• **Problem details**:
All of the data is to be printed again exactly as it appears.
= = =
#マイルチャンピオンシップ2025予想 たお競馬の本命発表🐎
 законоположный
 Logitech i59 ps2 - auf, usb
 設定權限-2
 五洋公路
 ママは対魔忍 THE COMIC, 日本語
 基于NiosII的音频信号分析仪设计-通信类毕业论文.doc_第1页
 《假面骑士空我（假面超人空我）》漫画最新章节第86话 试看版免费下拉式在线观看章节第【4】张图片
= = =
• **Solution**:
#マイルチャンピオンシップ2025予想 たお競馬の本命発表🐎
 законоположный
 Logitech i59 ps2 - auf, usb
 設定權限-2
 五洋公路
 ママは対魔忍 THE COMIC, 日本語
 基于NiosII的音频信号分析仪设计-通信类毕业论文.doc_第1页
 《假面骑士空我（假面超人空我）》漫画最新章节第86话 试看版免费下拉式在线观看章节第【4】张图片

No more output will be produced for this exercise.